According to archaeobotanical on-site and off-site evidence, the crop weeds of dry basic soils (Caucalidion cohort and particularly Caucalido-Adonidetum flammeae association) were much more common in southern Central Europe during the medieval period, and even earlier, than the floristic observations of the last two centuries suggest, occurring even in landscapes with poor acid soils. Their expansion started in the Bronze Age. The main reason is most probably the development of shallow topsoils on slopes and hilltops through soil erosion because of extensive ard cultivation, creating soil situations where these weak competitors could compensate for this weakness by their resistance to drought stress. A time gap in their expansion from the south to the north is perhaps caused by less steep landforms towards the north (Meurers-Balke et al. 2013). The application of marl to the fields since the Roman period may also have promoted their expansion, as stressed by Kreuz (2005). The yields to be expected on these shallow soils are low and endangered in dry years. The more or less complete lack of these species during the Neolithic contradicts the recently published opinion of Jacomet et al. (2016) of extensive ard cultivation already occurring in the Neolithic. Although a later arrival of all these species cannot be totally excluded, it is rather improbable.

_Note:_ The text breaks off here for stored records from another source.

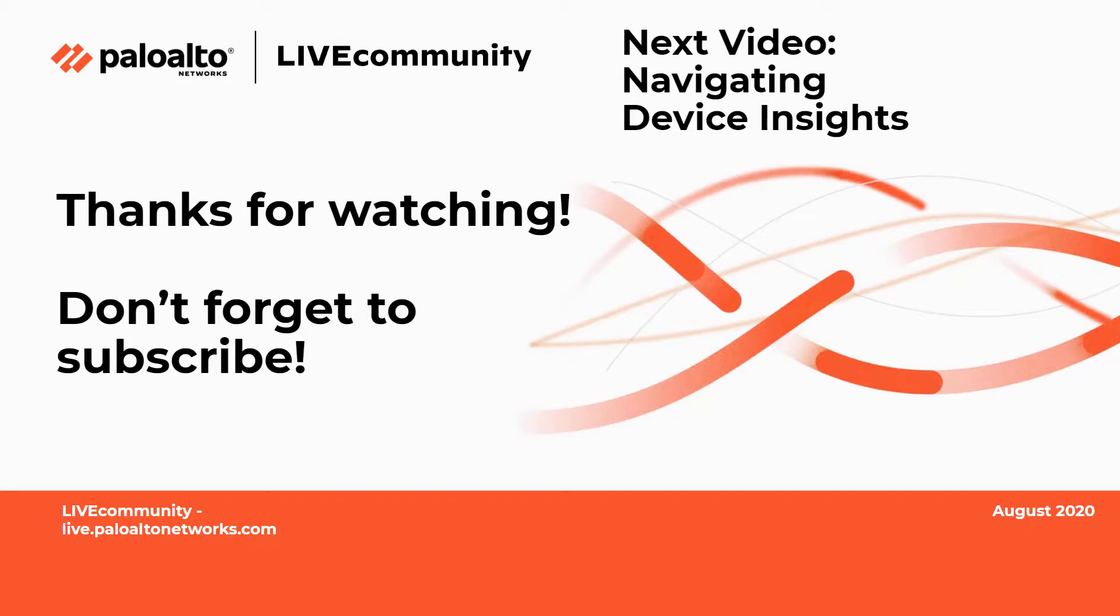Thanks again for watching. If you like it, please give it a thumbs up. And don't forget to subscribe so you're notified about all the new videos that we're producing here on the Live Community. Thank you very much. Have a great day.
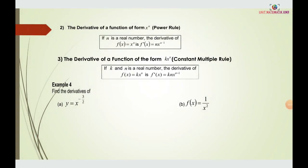Rule two is the power rule: the derivative of a function of the form x to the power of n, where n is a real number. The derivative of f(x) = xⁿ is f'(x) = n times x to the power of n minus one. We bring the power in front to multiply with x, then subtract one from the power.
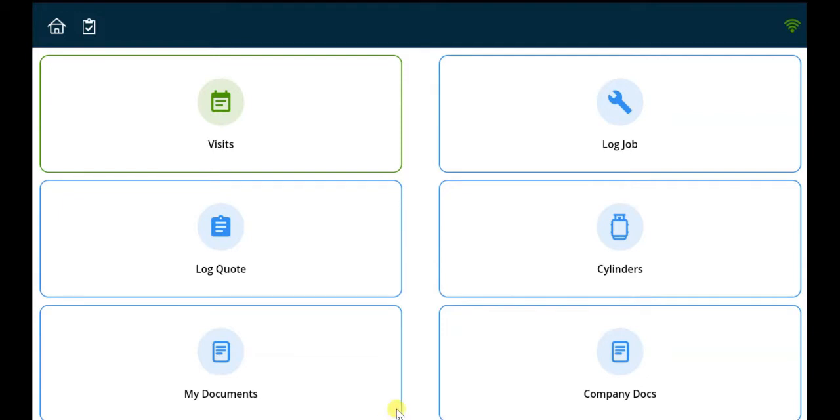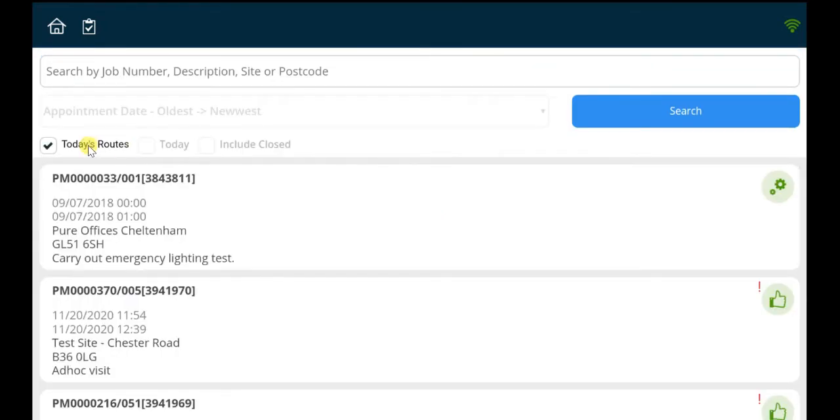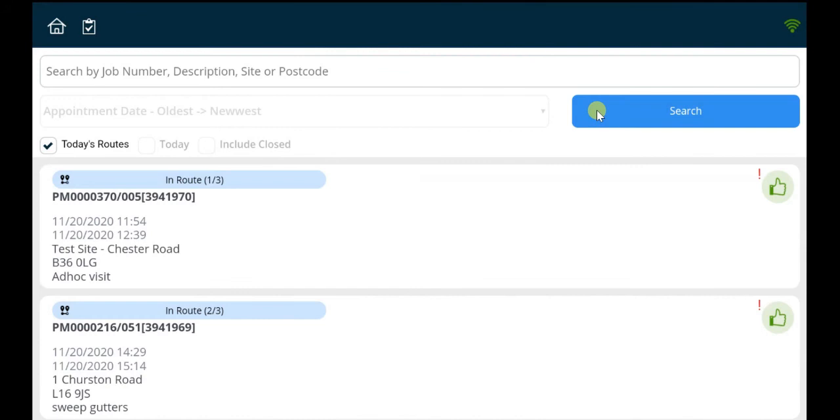Simply click on the Visits tab and select the Today's Routes checkbox before hitting Search. The chosen route will then be displayed in the correct order, also detailing the number of jobs assigned for that day.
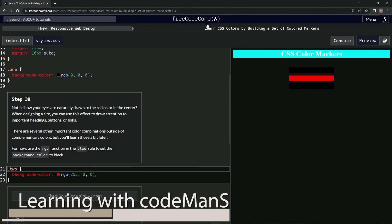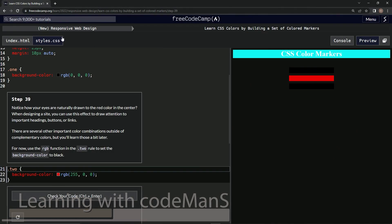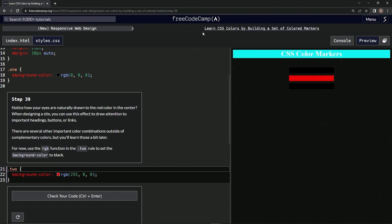Alright, now we're doing Free Code Camp, New Responsive Web Design, Learn CSS Colors by Building a Set of Colored Markers, Step 39.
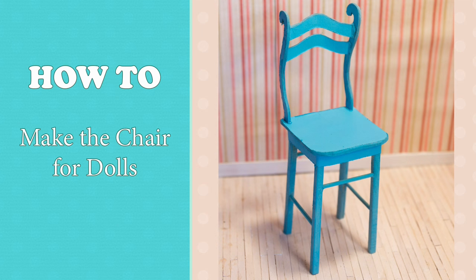Hello dears! Today I will show you how to make this cute dolls chair.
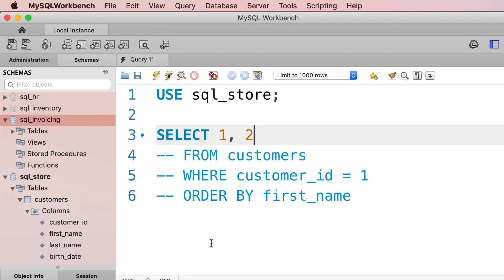All these clauses are optional, but in the real world we quite often use all of them. What you need to understand is that the order of these clauses matters — we always have SELECT first, then FROM, then WHERE, and finally ORDER BY. We cannot change the order of these clauses; otherwise we get a syntax error, which means the grammar or structure of our SQL statement is incorrect and it can't be executed.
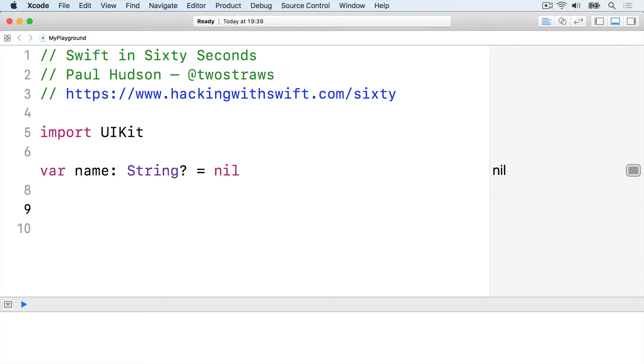A real string has a count property that stores how many letters it has. But this is nil. It's empty memory, not a string, so it doesn't have a count.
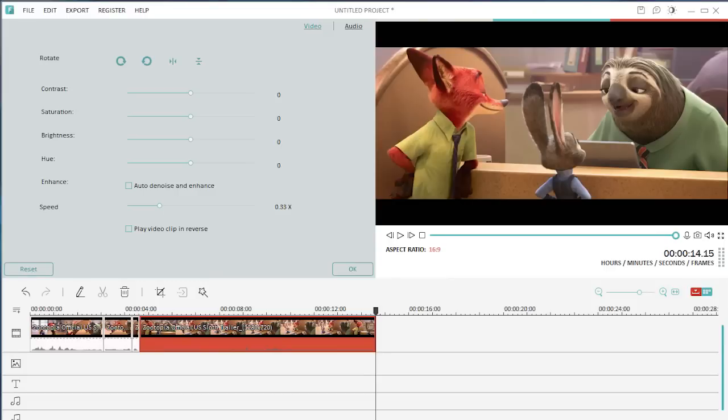If you have no idea what that means, let's see what you will get by changing the speed of audio files using some other programs.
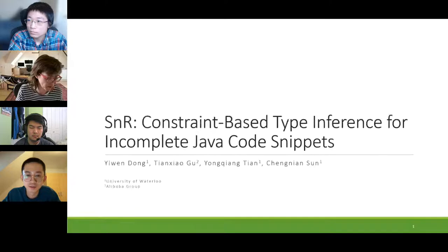Thank you very much Jiri. I'd like to call our next speaker, Yuan Dong, who is going to talk about SNR: constraint-based type inference for incomplete Java code snippets.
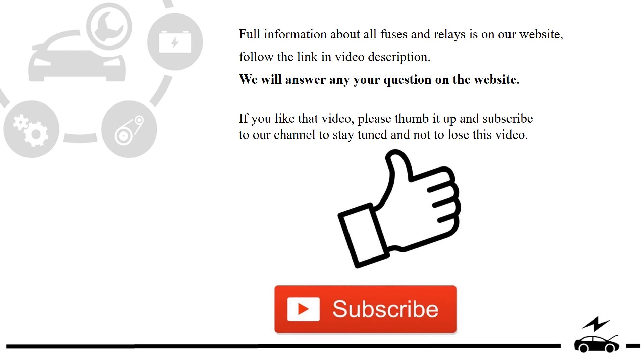Full information about all fuses and relays is on our website. Follow the link in video description. We will answer any question on the website.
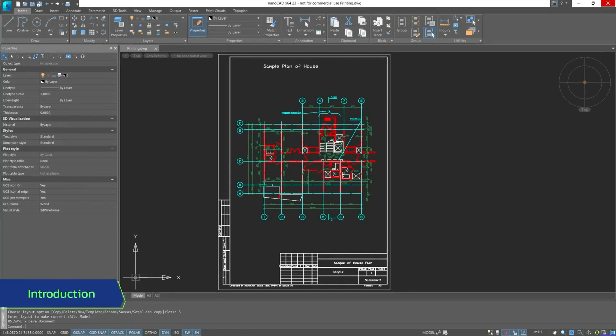Printing. In this section, we will get acquainted with printing parameters, printing from model space and layout space, and briefly discuss settings for multi-sheet printing.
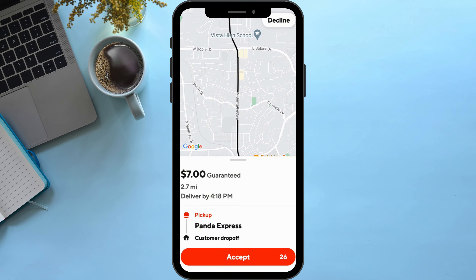Depending upon the order, you will get at least two dollars to ten dollars per order. In the case of tips, it will be one hundred percent yours to keep. During peak hours and challenges you will also get some bonuses — that is how you'll be able to earn your commission.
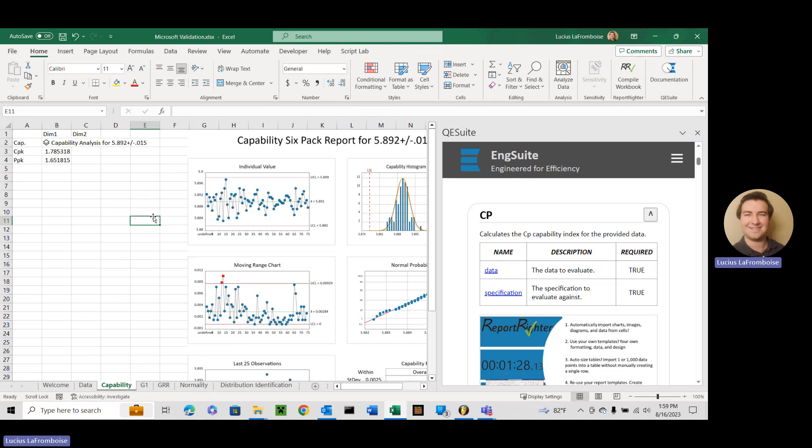So if you need more background as to how our documentation is laid out and how to navigate it and a little bit more background on QE Suite and how it works, head over to the capability analysis video. That's a really robust and common function that really allows us to explore it a little more. But in this we're just going to look at each individual capability index function and we're just going to zip right through them.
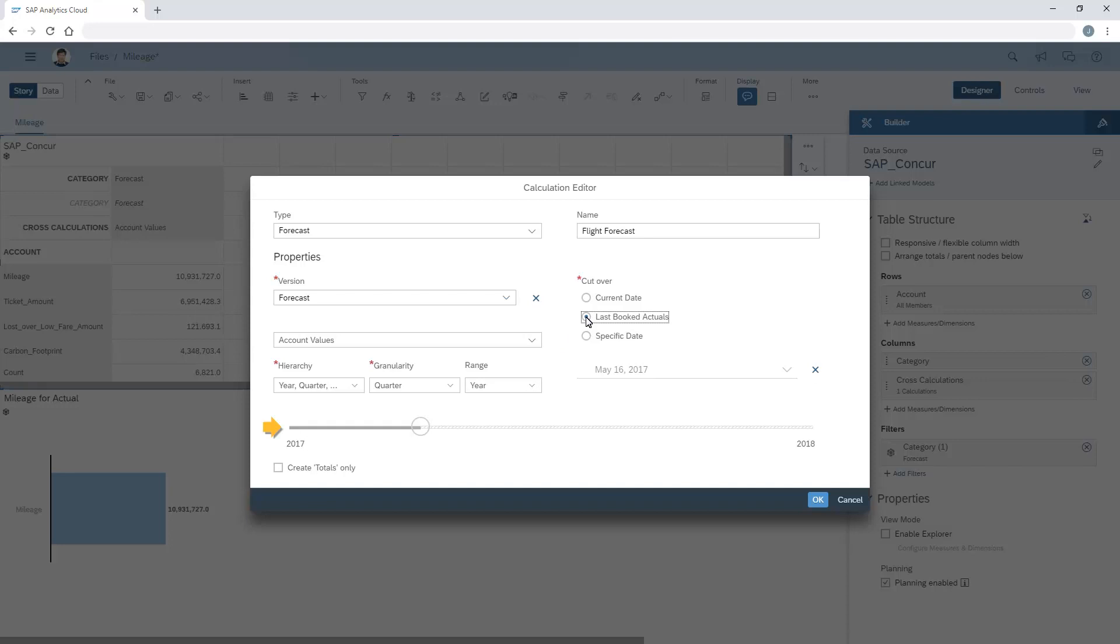We can see a preview of the forecast based on our selection. Note that if we want, we can use the Create totals only option to create a single calculation that displays the forecast totals without also generating a separate calculation for each time period.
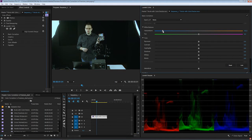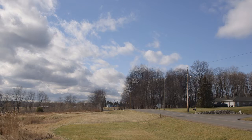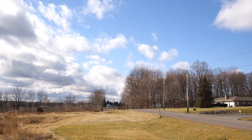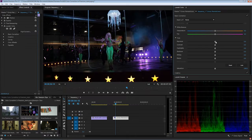Hi, my name is Dave Bode for Envato, and in this course you're going to learn how to color correct your video in Adobe Premiere Pro. You're going to learn about what color correction is, what footage works best and what doesn't, and what sorts of effects are used to adjust footage.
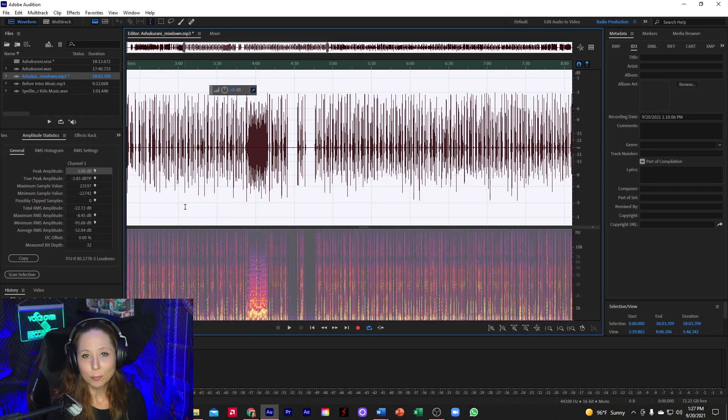So then this would be our finished audiobook file that we submit to the client after we properly name it and all that stuff. And that is how you add music to an audiobook.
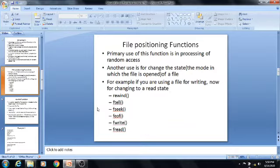These are the examples of file positioning functions: rewind, ftell, fseek, feof, fread, and fwrite. Today we are going to discuss three file positioning functions: rewind, ftell, and fseek.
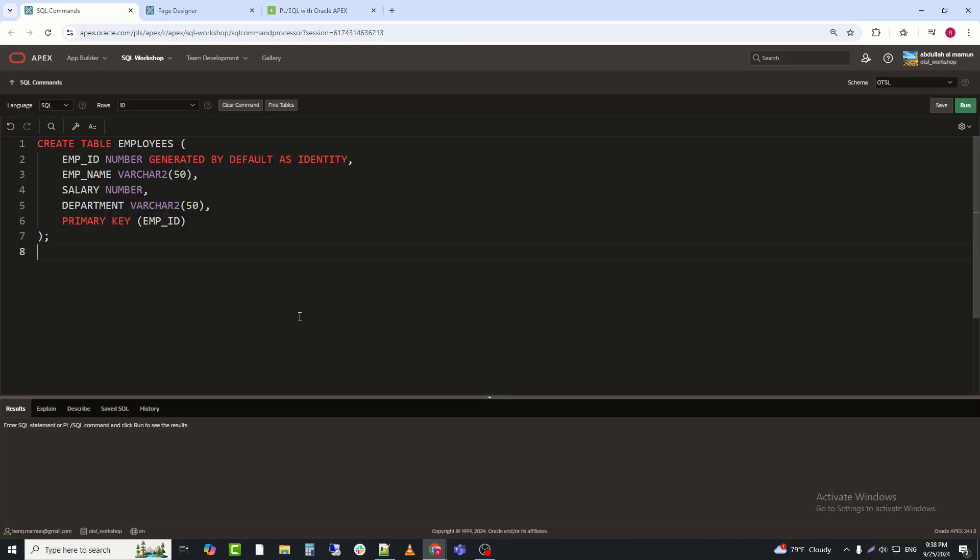Step 1, create the employees table. First, we'll create the employees table, which will store our employee data. Here's the SQL code.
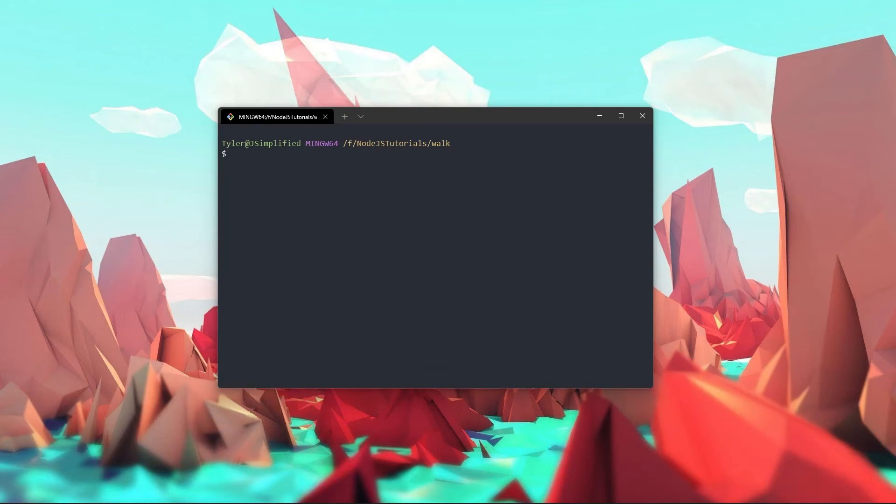Hey, what's going on everybody? My name is Tyler. Welcome back to another Node.js tutorial video.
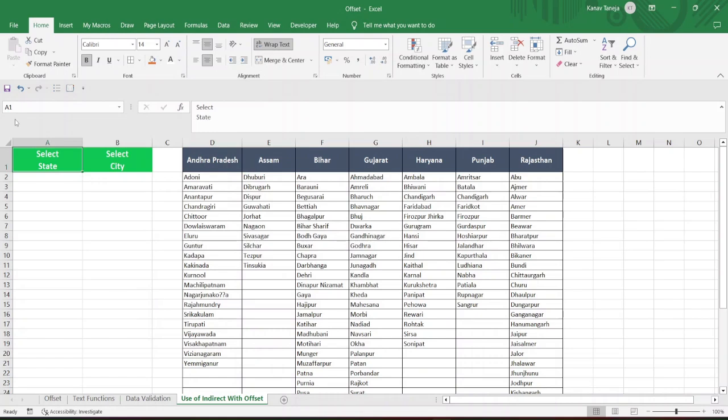Hey, welcome back. So in this video, we are actually going to use INDIRECT, OFFSET, and all the other text functions that we learned so far. Now first, let's just try to understand what we want to achieve in this.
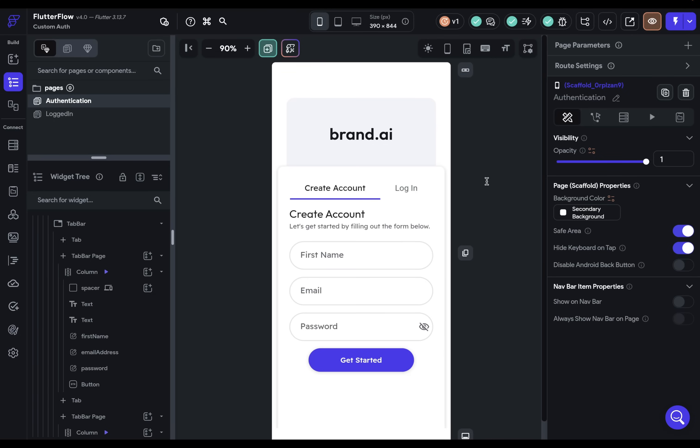In this video, I'm going to show you how to use custom authentication in Flutter Flow using JSON web tokens. Now before we set this up, let's understand how JSON web tokens work.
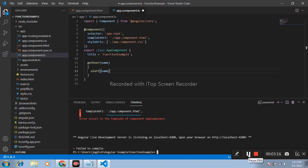One more thing, when we pass parameter inside function we must have to define its type.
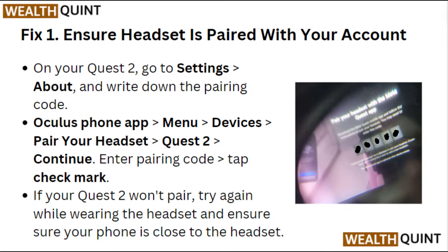Open the Oculus phone app, then go to Menu, then Device, and select 'Pair your headset,' then Quest 2, then Continue. Enter the pairing code and tap the checkmark. If your Quest 2 won't pair, try again while wearing the headset and ensure your phone is close to the headset.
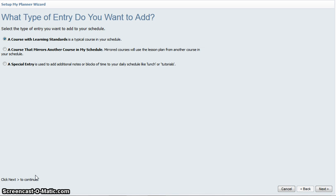Next is a course that mirrors another course in your schedule. What this does is that if you teach the same course twice within the same day, it will actually mirror exactly what you typed into the first course. This is not recommended, as whatever you type in the first course immediately goes into the second course.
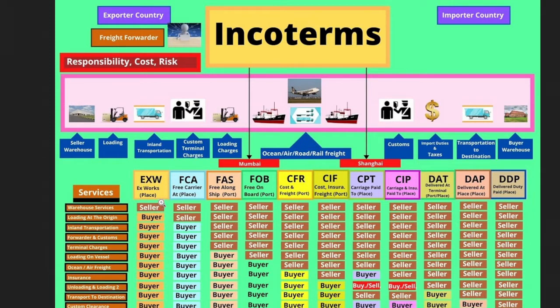EXW. This might be the cheapest method. And if you already have experience with freight forwarders, basically what it means is once your goods leave the factory, you take on all the risk. Factories like that — they only take on risk at the factory. Once it leaves the factory, the buyer takes on all the risk.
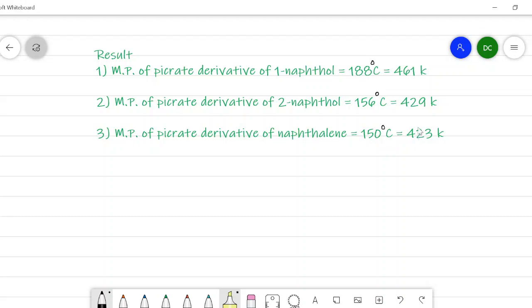In all the derivatives we have to take only the melting point of the derivatives.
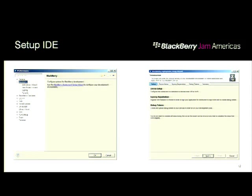On the tooling front, once you install the IDE, it takes you through a setup page and you walk through the wizard. You'll need those CSJ files to set up your debug tokens and then deploy apps onto the device. Once you do that, your IDE is set up for development.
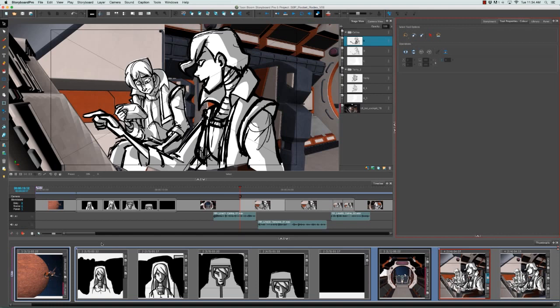The last or topmost level in the storyboarding hierarchy are acts, defined by pink purple brackets in the thumbnail view as well as by a pink purple flag in the timeline view. Acts are defined by a change in the story arc of a story.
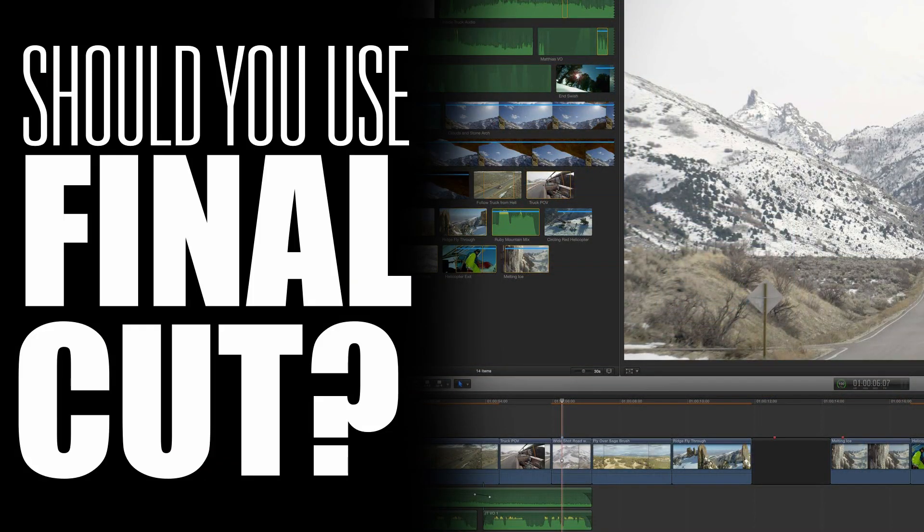Hey guys, it's Alex. In one of my previous videos, I mentioned that in my opinion you shouldn't necessarily be using Final Cut Pro as your video editor. A lot of you came back asking why, which is totally valid. So I wanted to give you a little bit of my perspective from the sound side of things as to why I don't think I see that non-linear editor used in as many workflows as you might expect.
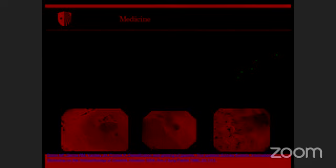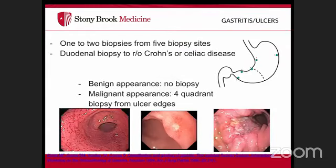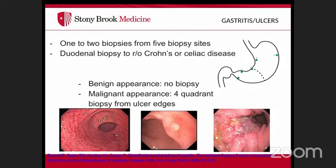Common findings include gastritis, seen as erythema of the mucosa with loss of gastric folds and visible submucosal vessels. For gastritis biopsies, use the Sydney protocol: two samples from the antrum along the greater and lesser curvatures, two from the body along the greater and lesser curvatures, and one from the incisura angularis.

A restriction of agriculture to totally flat landscapes during the Neolithic is rather improbable. The almost total lack of evidence for Neolithic soil erosion is not caused by the situation of the fields in the landscape but by their management. Hydrology is not only determined by the soil, but also by the climate. Many crop weeds of the Violenea arvensis were found in archaeological contexts earlier and were more frequently observed in eastern than in western Central Europe, for example Agrostemma githago and Centaurea cyanus (Willerding 1986). The reason is the dryer, sub-continental climate, which favours agriculture and crop weeds more than woodland and forest plants. Other weeds like Lapsana communis do not show these distribution patterns, but are more common in western Central Europe. In spite of their occurrence on fields, especially in the past, they cannot be regarded as crop weeds in a geobotanical sense, but as plants of forest and forest disturbances. The east–west gradient in forest density caused by the climate played an important role in the early stages of agriculture in Central Europe (Kunes et al. 2015).

In general, for the better understanding of the past, different proxies must be considered, for example on-site and off-site data, pollen and macrofossils. Pollen diagrams must be better worked out as is normally the case when dealing mainly with climate. Palaeoecological studies always need comparisons between different times and different regions: To understand the medieval, the present must be known. To understand the Bronze Age the medieval must be known. And to understand the Neolithic, the Bronze Age must be known. Furthermore, to understand land use in Northern Europe, land use in central Europe must be known, and European land use can only be understood knowing the situation in the Near East. Viewing only one period, focusing on a single site, as is often the case in archaeology and on-site archaeobotany, does not really help.